Managing Linux Software RAID (Part I)

Redundant Array of Independent Disks (RAID) is a storage and virtualization technology that first gained traction in the late 1980s. It combines multiple physical disk drives into one logical virtual unit to improve performance and facilitate redundancy. Data is distributed across the drives depending on the RAID level. Though not a substitute for backups, RAID levels can help keep your system running in the face of common hardware issues like data loss from disk failures or unrecoverable (sector) read errors.

RAID can be implemented and managed using “block” devices, which can be Software RAID (e.g. Linux Software RAID’s mdadm), Hardware RAID (i.e. dedicated hardware card), or FakeRAID (also called BIOS or Onboard RAID). This article will be focusing on the how-tos of Linux Software RAID and its management tool, mdadm.

Linux Software RAID is a block device that can work on most other devices—SATA, USB, IDE, SCSI, or a combination of these. Note that the RAID layer does not touch the file system layer at all. You can place a file system on a RAID device, just like on any other block device.

How Software RAID devices work

Software RAID devices should be seen as ordinary disks or disk partitions. They can be “built” from a number of other block devices.

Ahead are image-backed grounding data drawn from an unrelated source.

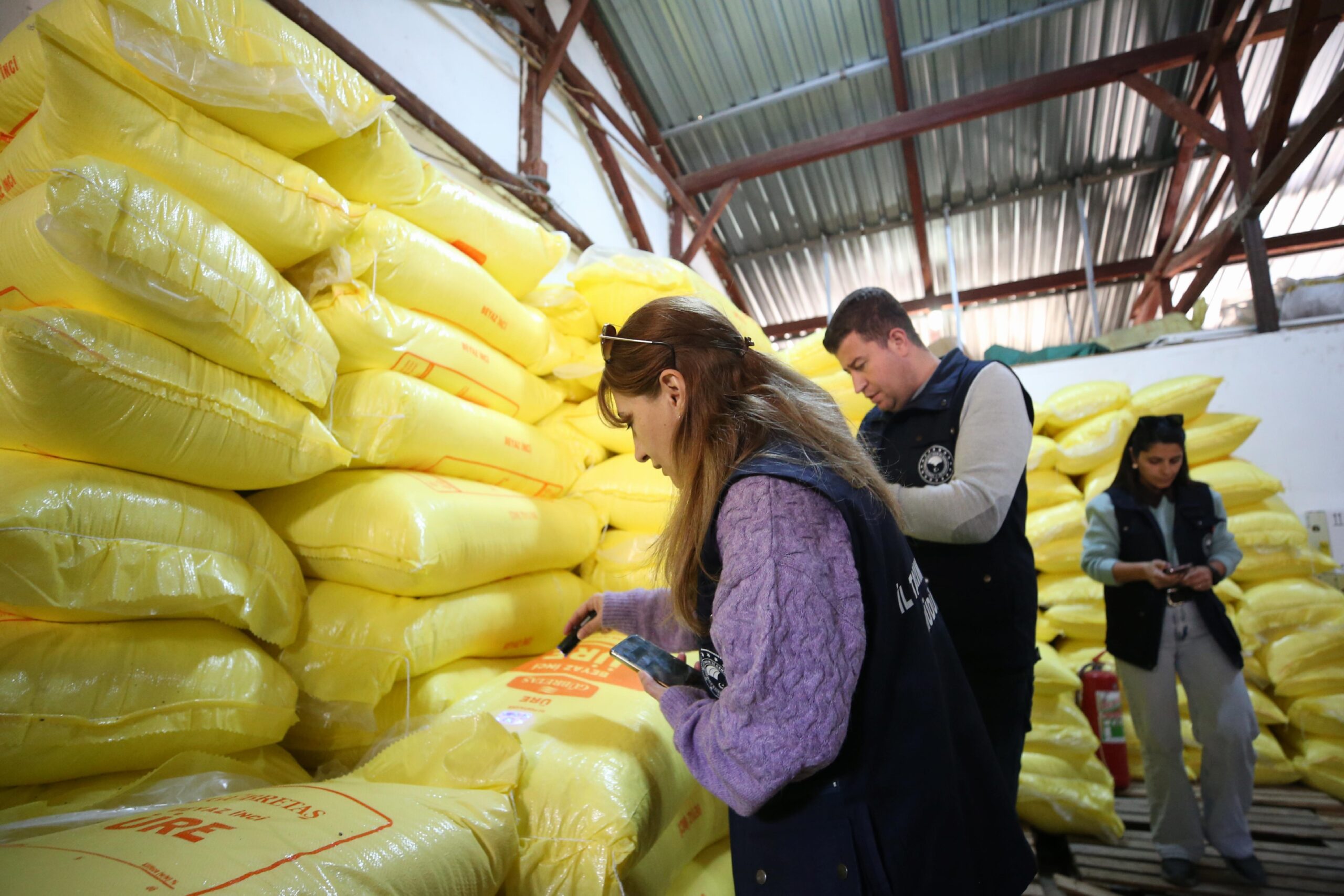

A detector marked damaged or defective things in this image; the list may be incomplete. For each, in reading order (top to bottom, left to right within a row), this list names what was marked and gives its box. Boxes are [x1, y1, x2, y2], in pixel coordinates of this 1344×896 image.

rusty steel beam [267, 0, 589, 248]
rusty steel beam [682, 180, 736, 265]
rusty steel beam [876, 0, 930, 301]
rusty steel beam [677, 2, 1338, 195]
rusty steel beam [758, 224, 1344, 335]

In a RAID implementation, there are spare disks or hot spares that do not take part in the RAID set until one of the active disks fail. Once a device failure is detected, that device is marked as ‘faulty’ and the set starts reconstruction immediately on the first hot spare available. Your system can now run for some time even with a faulty disk as the spare takes its place. If no spare disk is available, then the array runs in ‘degraded’ mode.

Note that faulty disks still appear and behave as members of the array. The RAID layer just avoids reading/writing them. Also, if a device needs to be removed from the array, remember to mark it first as ‘faulty’ before you remove it.

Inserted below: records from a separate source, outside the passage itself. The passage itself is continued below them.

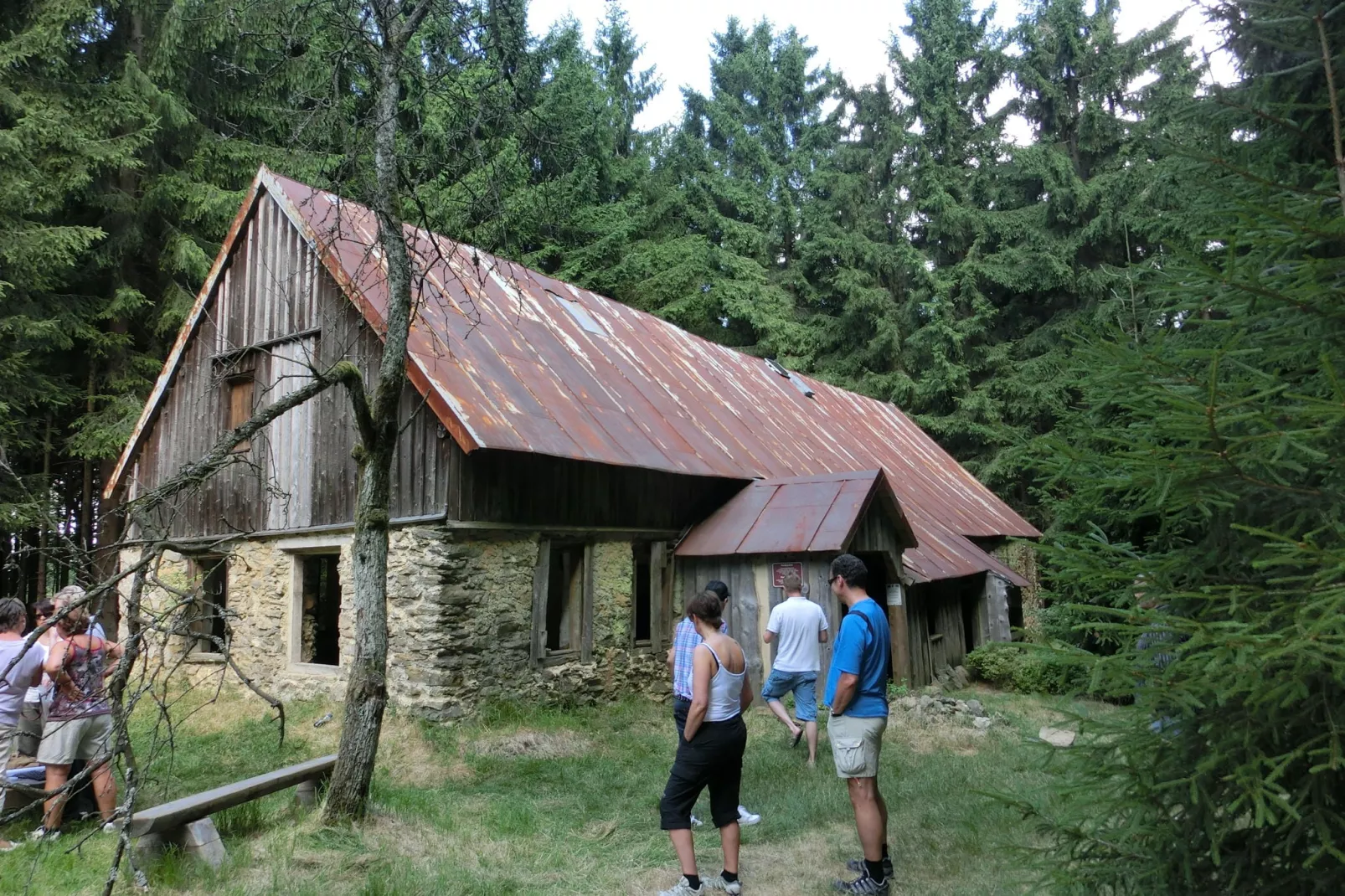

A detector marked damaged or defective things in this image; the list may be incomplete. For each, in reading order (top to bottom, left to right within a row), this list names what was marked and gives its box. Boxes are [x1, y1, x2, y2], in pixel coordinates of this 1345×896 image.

rusty metal roof [112, 167, 1038, 584]
rust stain on roof [112, 167, 1038, 584]
rusty metal roof [678, 471, 920, 554] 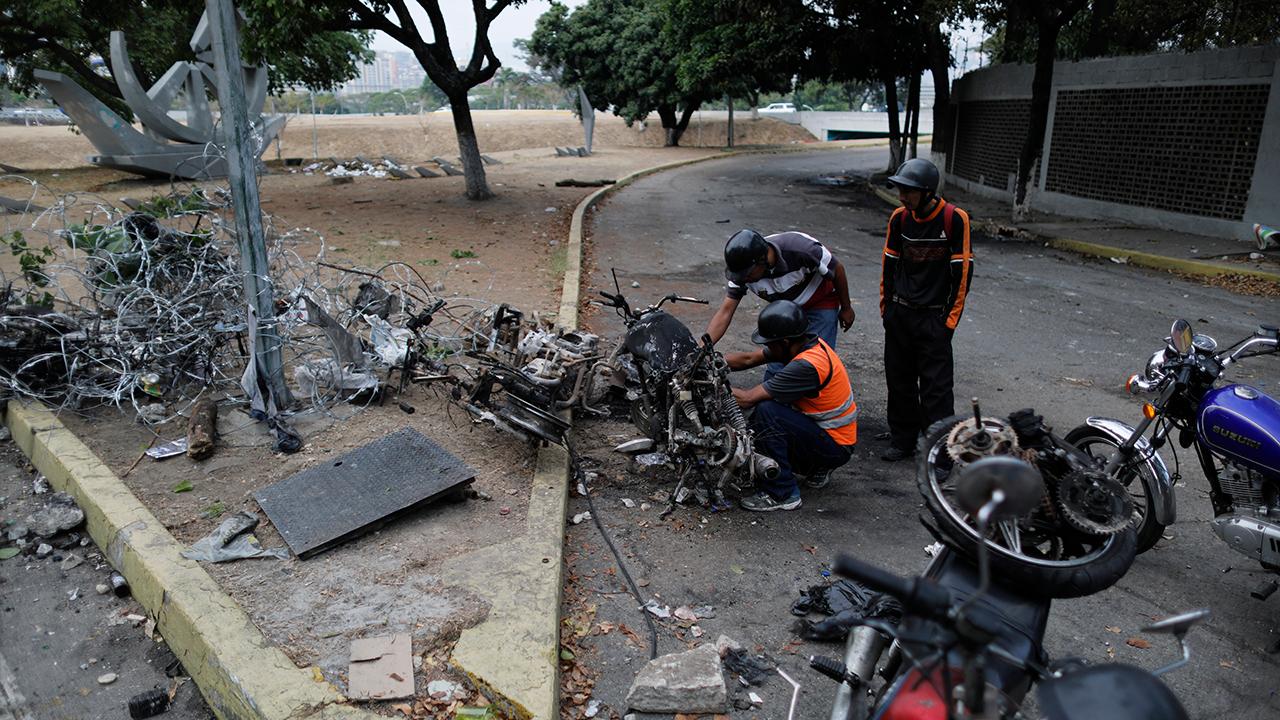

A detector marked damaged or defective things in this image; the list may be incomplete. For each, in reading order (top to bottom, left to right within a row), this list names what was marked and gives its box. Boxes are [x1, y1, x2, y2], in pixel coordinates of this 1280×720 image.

overturned motorcycle [591, 274, 778, 515]
burned motorcycle wreck [591, 278, 778, 512]
broken concrete rubble [622, 640, 727, 707]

Creating a SATA drive-based RAID device

You can use full drives as parts of a RAID array but this should be avoided if you want to make the drives bootable. What you need to do is create a partition in the drives (using fdisk or Parted) with partition type set to ‘fd,’ the Linux Software RAID auto-detect.

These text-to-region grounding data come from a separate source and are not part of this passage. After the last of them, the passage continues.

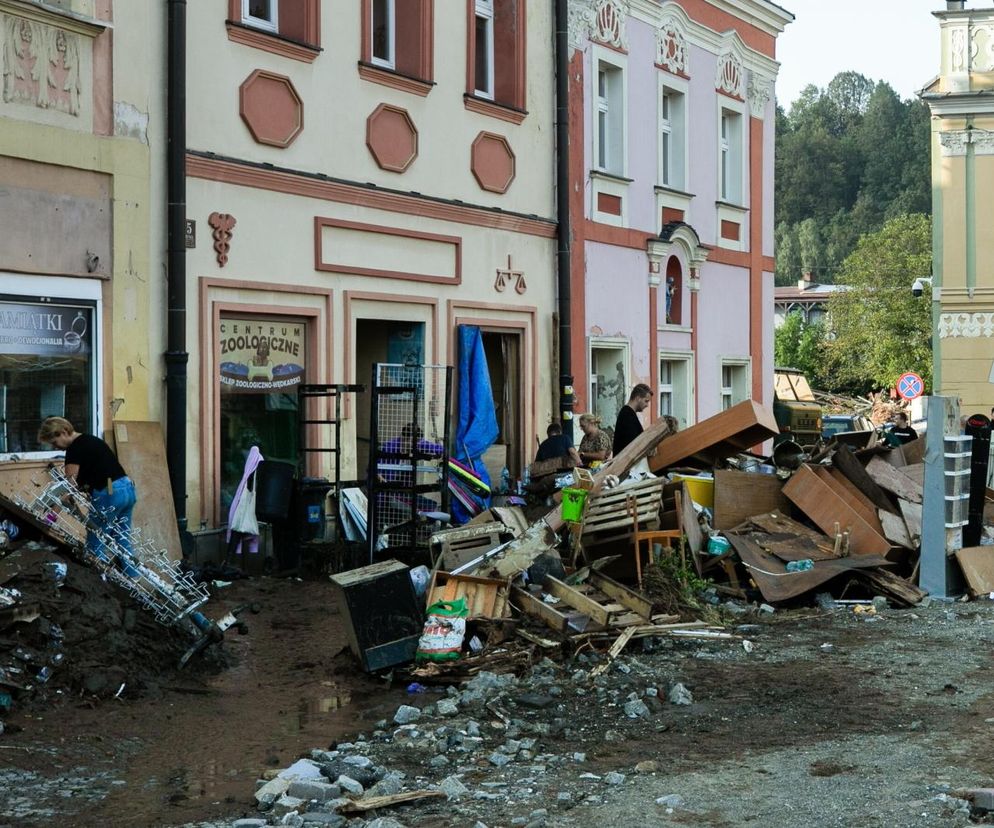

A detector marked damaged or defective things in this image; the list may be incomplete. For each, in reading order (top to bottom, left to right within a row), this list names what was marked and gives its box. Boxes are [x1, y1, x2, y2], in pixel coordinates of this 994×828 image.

broken wooden board [648, 402, 780, 472]
broken wooden board [112, 420, 182, 564]
broken wooden board [712, 468, 784, 528]
broken wooden board [784, 466, 892, 556]
broken wooden board [824, 444, 896, 516]
broken wooden board [868, 452, 924, 504]
broken wooden board [876, 512, 916, 548]
broken wooden board [724, 532, 888, 600]
broken wooden board [952, 548, 994, 600]
broken furniture [330, 560, 422, 668]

After creating a partition in each relevant drive (sda1, sdb1), you can now create the array:

mdadm –create /dev/md0 -n 2 –level=1 /dev/sda1 /dev/sdb1

 Where:

  • /dev/md0 – your new array device path
  • -n 2  – the total number of drives, which can be classified as spare, active, or missing; a ‘missing’ drive requires the additional option -f to work
  • –level=<RAID level> – can contain any of the following:

o   one of linear

o   raid0  OR 0

o   stripe

o   raid1  OR 1

o   mirror

o   raid4 OR 4

o   raid5 OR

o   raid6 OR 6

o   raid10 OR 10

o   multipath OR mp

o   faulty

o   container

  • /dev/sda1, /dev/sdb1 – each component device’s path

IMPORTANT NOTE: If you want to boot from a RAID device, place the bootloader code at the start of the physical drive that will be used as the underlying component of the RAID device. This means that if you are using /dev/sda1 as a member of the array /dev/md0 and your primary HDD/SSD is set as BIOS boot option, you must choose /dev/sda for the bootloader code. One way to do this is by running grub-install /dev/sda.

After you create a RAID device, you can use it as you would a regular local drive. You can, for example, use it as a physical volume for Linux kernel’s logical volume manager (LVM) or put a file system in it.

While RAID metadata is stored in each component drive, you should still save your RAID configuration for future use. This will help you monitor and correct md-device naming, otherwise you will get device names like md126 and md127. You can save your configuration file by running the following command:

mdadm –detail –scan >> /etc/mdadm.conf

For Ubuntu: /etc/mdadm/mdadm.conf

 Monitoring a RAID device

You can proactively monitor the health of a RAID device using –monitor in the mdadm tool. If mdadm detects an array health issue, it can do a host of actions you specify in the command line. It can send an email, run a specified program, or send a message to the system log to name a few. Read the manual in man mdadm (Monitor section) to see a list of options.

Most Linux distributions provide wrappers for the mdadm –monitor. CentOS / RHEL for example, provides an mdmonitor service, which you can set to start automatically with the system by running chkconfig mdmonitor on.

Another way to check device health is to look into the /proc/mdstat text file to see what arrays your kernel recognizes and to see their respective states.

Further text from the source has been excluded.